Several studies have examined alcohol use in adolescence or early adulthood using machine learning techniques [21, 22, 23, 24, 25]. Three of these examined predictors of heavy episodic drinking specifically [22, 23, 25], while two investigated the frequency of alcohol use in adolescence [21, 24]. This existing literature demonstrates some consistent themes across diverse methodologies and findings. Predictors were found across multiple domains, with those including personality (particularly sensation seeking), psychopathology (especially externalising behaviours), peer influence and substance use history (age at first drink, other drug use) shown consistently to be important in the prediction of alcohol use. The weight of any single predictor was modest, highlighting the multifaceted nature of alcohol use predictors and the value of combining multiple domains within machine learning frameworks. In general, studies that included neurobiological factors or cognitive functioning found these do not substantially improve prediction above psychosocial predictors [21, 22, 25]. From a methodological perspective, multiple machine learning techniques have been used to capture the complex interplay of predictors, with studies comparing different models showing different results in terms of predictive performance: random forest [23], extreme gradient boosting [24] and elastic net [21, 25].

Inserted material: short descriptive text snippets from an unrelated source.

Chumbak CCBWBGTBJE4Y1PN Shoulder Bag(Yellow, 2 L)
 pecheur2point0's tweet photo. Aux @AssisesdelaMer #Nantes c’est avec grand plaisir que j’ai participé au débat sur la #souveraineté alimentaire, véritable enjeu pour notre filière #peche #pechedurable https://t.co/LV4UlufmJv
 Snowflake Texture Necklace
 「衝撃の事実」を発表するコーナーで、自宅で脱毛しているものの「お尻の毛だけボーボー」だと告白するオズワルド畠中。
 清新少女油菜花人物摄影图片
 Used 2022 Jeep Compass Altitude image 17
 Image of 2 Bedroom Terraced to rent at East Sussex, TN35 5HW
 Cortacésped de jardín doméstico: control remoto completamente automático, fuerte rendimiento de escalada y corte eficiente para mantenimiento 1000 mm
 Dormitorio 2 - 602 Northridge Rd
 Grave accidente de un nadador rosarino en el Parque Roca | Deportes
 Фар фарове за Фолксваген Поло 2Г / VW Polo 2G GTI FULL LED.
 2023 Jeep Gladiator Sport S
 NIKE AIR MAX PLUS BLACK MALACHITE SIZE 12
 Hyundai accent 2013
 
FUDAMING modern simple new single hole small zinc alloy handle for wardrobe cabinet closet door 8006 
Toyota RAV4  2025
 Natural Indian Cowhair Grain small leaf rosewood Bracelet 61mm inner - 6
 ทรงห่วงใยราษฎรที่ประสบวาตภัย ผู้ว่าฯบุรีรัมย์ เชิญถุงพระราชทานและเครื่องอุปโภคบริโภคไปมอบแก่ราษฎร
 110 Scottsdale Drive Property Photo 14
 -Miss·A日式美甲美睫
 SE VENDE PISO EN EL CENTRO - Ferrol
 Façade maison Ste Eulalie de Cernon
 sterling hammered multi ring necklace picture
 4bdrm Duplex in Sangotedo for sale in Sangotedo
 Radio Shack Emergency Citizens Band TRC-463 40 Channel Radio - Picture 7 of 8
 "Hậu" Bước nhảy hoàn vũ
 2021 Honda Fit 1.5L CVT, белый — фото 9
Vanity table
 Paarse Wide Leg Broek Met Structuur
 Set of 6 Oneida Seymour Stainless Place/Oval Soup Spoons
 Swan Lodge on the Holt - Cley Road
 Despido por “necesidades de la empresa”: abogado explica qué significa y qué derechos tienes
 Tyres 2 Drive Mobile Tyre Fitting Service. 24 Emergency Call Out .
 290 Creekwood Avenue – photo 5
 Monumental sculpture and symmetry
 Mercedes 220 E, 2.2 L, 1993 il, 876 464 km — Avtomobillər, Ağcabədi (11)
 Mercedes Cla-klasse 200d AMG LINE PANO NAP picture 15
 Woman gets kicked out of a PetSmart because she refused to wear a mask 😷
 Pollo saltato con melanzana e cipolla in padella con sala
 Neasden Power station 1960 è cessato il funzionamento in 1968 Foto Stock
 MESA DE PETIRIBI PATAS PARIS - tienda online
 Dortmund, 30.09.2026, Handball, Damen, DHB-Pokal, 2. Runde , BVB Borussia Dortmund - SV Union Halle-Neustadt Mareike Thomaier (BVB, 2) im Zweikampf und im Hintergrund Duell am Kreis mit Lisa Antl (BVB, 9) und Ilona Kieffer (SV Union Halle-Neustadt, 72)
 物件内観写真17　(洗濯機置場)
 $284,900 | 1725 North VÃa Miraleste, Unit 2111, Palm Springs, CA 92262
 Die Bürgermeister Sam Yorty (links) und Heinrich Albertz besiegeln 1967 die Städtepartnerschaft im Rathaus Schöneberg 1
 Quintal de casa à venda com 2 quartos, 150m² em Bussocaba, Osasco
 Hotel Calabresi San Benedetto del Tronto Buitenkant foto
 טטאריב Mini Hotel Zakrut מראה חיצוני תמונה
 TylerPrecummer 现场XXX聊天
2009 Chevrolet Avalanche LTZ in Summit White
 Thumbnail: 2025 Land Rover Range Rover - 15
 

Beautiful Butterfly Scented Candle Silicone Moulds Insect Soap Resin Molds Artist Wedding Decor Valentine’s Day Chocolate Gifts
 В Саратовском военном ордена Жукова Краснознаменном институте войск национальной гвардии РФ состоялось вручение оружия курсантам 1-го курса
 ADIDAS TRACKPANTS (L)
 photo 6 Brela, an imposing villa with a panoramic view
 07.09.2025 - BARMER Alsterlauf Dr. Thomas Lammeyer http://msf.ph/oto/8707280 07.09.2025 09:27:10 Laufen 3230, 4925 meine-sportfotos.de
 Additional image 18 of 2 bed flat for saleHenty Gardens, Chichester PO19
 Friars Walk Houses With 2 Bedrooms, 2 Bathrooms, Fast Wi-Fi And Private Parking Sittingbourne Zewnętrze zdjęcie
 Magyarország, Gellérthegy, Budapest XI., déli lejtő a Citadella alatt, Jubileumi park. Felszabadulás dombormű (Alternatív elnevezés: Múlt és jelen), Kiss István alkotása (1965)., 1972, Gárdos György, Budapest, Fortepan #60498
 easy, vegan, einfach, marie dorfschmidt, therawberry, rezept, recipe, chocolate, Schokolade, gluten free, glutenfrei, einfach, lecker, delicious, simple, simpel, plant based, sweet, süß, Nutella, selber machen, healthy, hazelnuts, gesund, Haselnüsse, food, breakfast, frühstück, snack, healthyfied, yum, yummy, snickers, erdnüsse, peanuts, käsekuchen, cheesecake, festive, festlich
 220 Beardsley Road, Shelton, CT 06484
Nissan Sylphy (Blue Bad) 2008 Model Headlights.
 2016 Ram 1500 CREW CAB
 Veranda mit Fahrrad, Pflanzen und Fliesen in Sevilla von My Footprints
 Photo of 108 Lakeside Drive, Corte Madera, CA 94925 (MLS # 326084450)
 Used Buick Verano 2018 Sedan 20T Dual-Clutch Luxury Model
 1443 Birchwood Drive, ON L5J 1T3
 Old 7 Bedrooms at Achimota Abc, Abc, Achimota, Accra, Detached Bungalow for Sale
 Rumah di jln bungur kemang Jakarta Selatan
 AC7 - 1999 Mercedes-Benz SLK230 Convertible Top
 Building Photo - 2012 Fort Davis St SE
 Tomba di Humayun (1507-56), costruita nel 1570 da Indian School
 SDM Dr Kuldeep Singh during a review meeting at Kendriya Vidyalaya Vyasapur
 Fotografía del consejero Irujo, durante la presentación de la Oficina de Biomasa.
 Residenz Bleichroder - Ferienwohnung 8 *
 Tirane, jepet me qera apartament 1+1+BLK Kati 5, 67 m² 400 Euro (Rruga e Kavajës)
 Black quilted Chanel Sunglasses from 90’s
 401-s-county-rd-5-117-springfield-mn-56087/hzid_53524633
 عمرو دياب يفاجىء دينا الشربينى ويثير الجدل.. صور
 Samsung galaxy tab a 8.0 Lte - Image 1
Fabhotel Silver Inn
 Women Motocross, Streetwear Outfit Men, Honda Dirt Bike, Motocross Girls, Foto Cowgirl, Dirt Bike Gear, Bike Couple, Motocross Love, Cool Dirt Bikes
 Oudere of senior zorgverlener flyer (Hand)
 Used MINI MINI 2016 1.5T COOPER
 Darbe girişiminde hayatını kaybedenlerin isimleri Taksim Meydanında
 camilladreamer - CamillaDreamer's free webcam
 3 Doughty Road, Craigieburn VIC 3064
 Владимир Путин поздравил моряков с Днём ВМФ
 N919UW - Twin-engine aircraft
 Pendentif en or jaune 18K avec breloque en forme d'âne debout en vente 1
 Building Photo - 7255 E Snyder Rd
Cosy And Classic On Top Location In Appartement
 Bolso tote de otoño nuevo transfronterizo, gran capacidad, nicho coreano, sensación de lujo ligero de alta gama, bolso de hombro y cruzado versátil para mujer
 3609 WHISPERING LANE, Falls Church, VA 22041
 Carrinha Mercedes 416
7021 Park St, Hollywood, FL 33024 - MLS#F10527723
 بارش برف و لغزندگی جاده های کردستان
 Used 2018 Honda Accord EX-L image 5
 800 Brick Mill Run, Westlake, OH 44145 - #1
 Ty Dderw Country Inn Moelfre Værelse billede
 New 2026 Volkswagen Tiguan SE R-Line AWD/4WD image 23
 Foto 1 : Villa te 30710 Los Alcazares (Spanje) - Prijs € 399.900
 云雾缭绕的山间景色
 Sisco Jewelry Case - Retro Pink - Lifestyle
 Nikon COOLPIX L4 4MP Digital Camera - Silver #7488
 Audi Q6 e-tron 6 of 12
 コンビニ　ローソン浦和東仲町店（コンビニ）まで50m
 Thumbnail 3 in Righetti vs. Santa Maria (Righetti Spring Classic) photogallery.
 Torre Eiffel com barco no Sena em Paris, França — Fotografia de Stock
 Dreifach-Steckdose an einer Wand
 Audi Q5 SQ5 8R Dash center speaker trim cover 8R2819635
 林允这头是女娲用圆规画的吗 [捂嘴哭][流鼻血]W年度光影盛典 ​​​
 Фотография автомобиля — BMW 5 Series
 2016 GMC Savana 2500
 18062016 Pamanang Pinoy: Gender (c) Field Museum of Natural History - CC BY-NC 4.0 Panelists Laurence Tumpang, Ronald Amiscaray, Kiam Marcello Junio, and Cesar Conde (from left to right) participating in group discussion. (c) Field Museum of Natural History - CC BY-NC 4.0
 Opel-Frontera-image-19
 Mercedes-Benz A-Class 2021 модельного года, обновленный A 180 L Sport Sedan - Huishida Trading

While these studies have advanced understanding of the predictors of risky alcohol use in adolescence and early adulthood, several gaps in the literature remain. The longest follow‐up period assessed was 4 years. Influences on adolescent alcohol use likely occur across development, from early childhood. Indeed, none of the aforementioned studies include factors related to parenting, for example, parental warmth, discipline, closeness of the parent–child relationship or parental monitoring, which is strongly implicated in adolescent alcohol use [26, 27, 28]. In addition, only one study used ensemble machine learning [25]. Ensemble methods incorporate several machine learning algorithms into a composite model that can enhance predictive performance by leveraging the strengths of different algorithms while compensating for their individual weaknesses. In contrast to comparing the performance of several different algorithms run separately, ensemble methods create a weighted average of multiple models, allowing for an adaptive modelling approach. An important advantage is the balance between bias and variance compared to traditional predictive models like logistic regression or single decision trees. Bias refers to errors introduced when a model is too simplistic, missing key patterns in the data. Variance, on the other hand, reflects errors from a model being overly sensitive to small fluctuations in the training data, leading to predictions that do not generalise well. Traditional predictive models like logistic regression may have high bias, while complex models like deep decision trees can suffer from high variance. Ensemble methods address this trade‐off by combining multiple algorithms to reduce both types of errors.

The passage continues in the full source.